Task: Please return the whole listing exactly.

-*-*-

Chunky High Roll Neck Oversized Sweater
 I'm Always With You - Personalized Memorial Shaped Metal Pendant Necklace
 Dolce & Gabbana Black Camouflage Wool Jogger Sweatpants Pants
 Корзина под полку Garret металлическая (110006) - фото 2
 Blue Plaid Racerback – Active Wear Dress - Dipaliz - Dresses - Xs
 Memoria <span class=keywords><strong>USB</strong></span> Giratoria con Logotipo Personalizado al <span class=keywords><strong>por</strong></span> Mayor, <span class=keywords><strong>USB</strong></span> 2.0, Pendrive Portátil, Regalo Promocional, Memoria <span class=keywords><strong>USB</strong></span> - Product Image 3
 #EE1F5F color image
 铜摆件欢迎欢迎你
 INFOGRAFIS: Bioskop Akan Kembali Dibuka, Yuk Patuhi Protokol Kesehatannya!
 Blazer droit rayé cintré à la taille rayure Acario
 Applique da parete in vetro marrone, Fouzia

-*-*-

Your response:
Chunky High Roll Neck Oversized Sweater
 I'm Always With You - Personalized Memorial Shaped Metal Pendant Necklace
 Dolce & Gabbana Black Camouflage Wool Jogger Sweatpants Pants
 Корзина под полку Garret металлическая (110006) - фото 2
 Blue Plaid Racerback – Active Wear Dress - Dipaliz - Dresses - Xs
 Memoria <span class=keywords><strong>USB</strong></span> Giratoria con Logotipo Personalizado al <span class=keywords><strong>por</strong></span> Mayor, <span class=keywords><strong>USB</strong></span> 2.0, Pendrive Portátil, Regalo Promocional, Memoria <span class=keywords><strong>USB</strong></span> - Product Image 3
 #EE1F5F color image
 铜摆件欢迎欢迎你
 INFOGRAFIS: Bioskop Akan Kembali Dibuka, Yuk Patuhi Protokol Kesehatannya!
 Blazer droit rayé cintré à la taille rayure Acario
 Applique da parete in vetro marrone, Fouzia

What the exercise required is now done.